> **YOUR ASSIGNMENT**:
The records below are to be restated word for word; their pictures are not.

Source data:
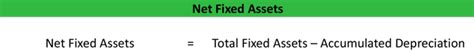 what is included in net fixed assets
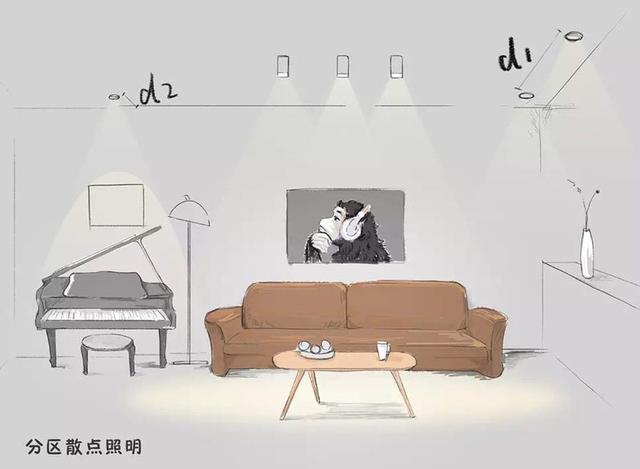 装修选什么灯合适?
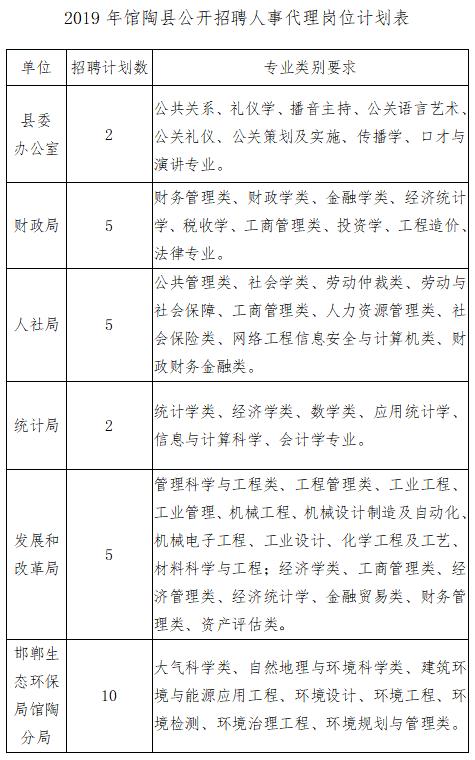 馆陶县发展和改革局最新招聘信息全面解析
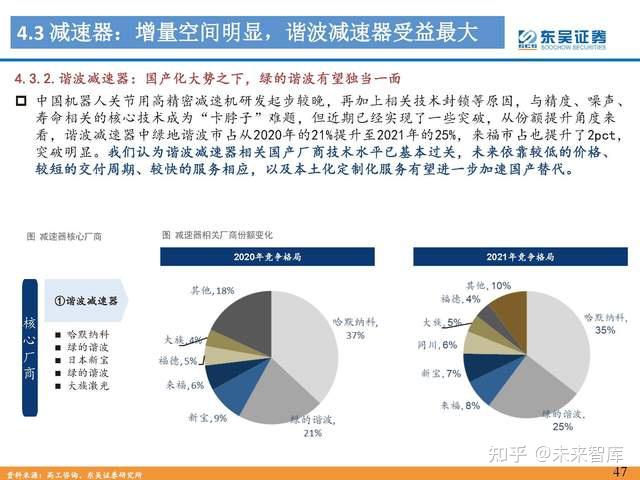 人形机器人行业专题报告：Tesla Bot风起，万亿赛道启航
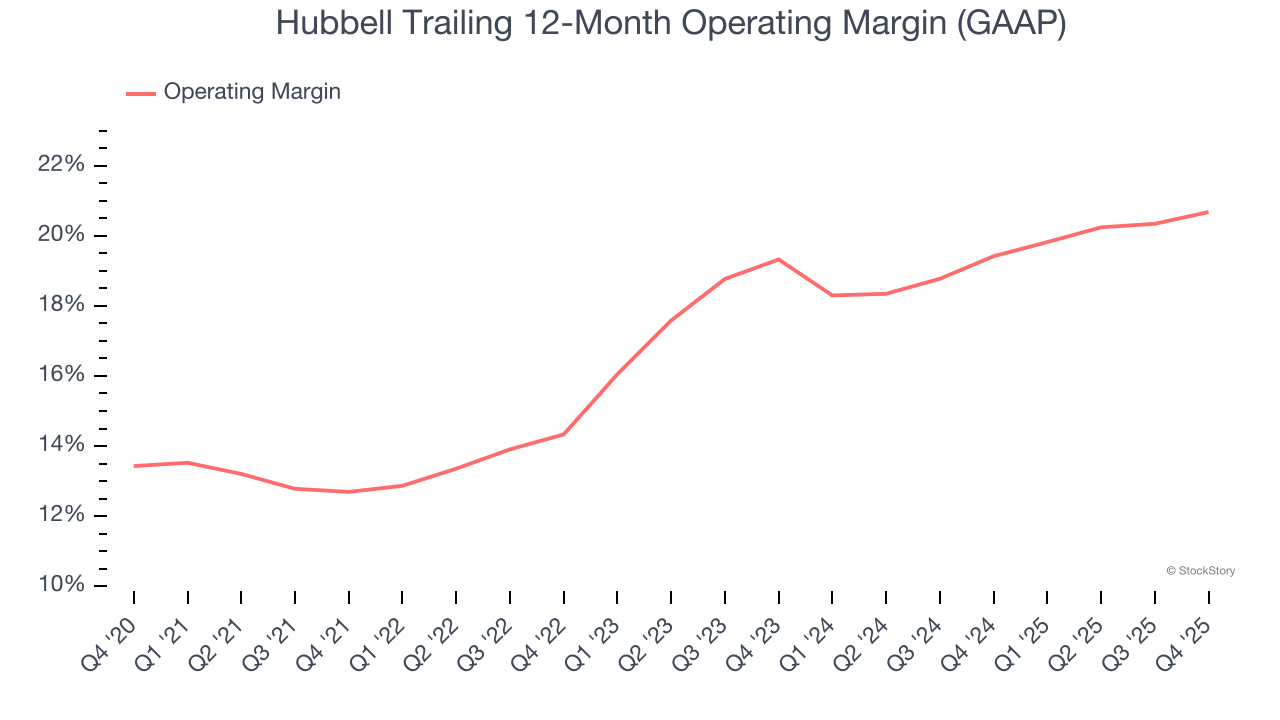 Hubbell Trailing 12-Month Operating Margin (GAAP)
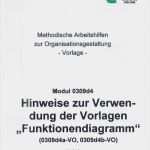 Online Marketing Plan Vorlage Bewundernswert Aufgabenverteilungsplan "marketing Pr" Vorlage orgware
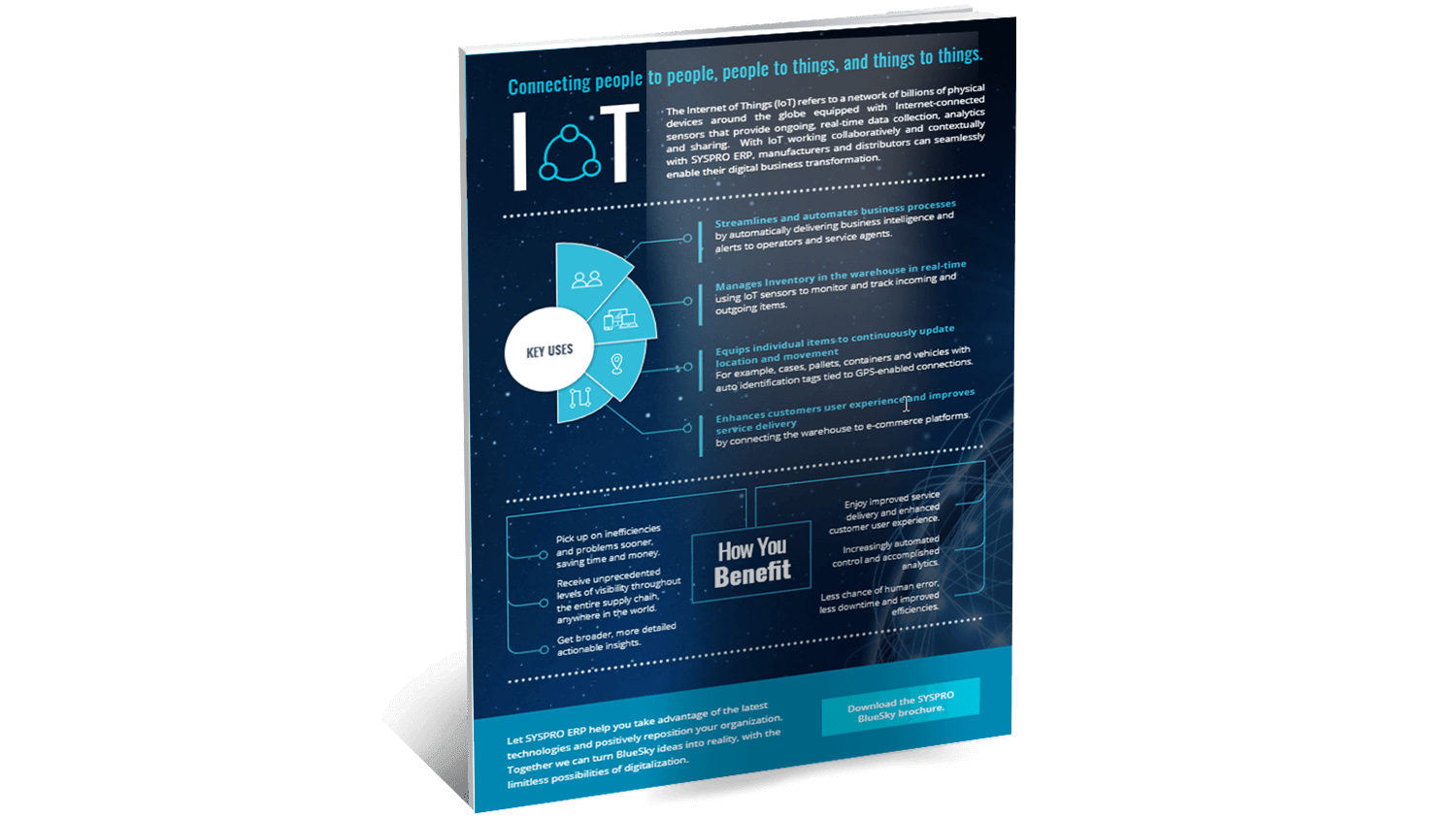 SYSPRO-ERP-software-system-IoT-infographic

> **EXERCISE RESULT**:
 what is included in net fixed assets
 装修选什么灯合适?
 馆陶县发展和改革局最新招聘信息全面解析
 人形机器人行业专题报告：Tesla Bot风起，万亿赛道启航
 Hubbell Trailing 12-Month Operating Margin (GAAP)
 Online Marketing Plan Vorlage Bewundernswert Aufgabenverteilungsplan "marketing Pr" Vorlage orgware
 SYSPRO-ERP-software-system-IoT-infographic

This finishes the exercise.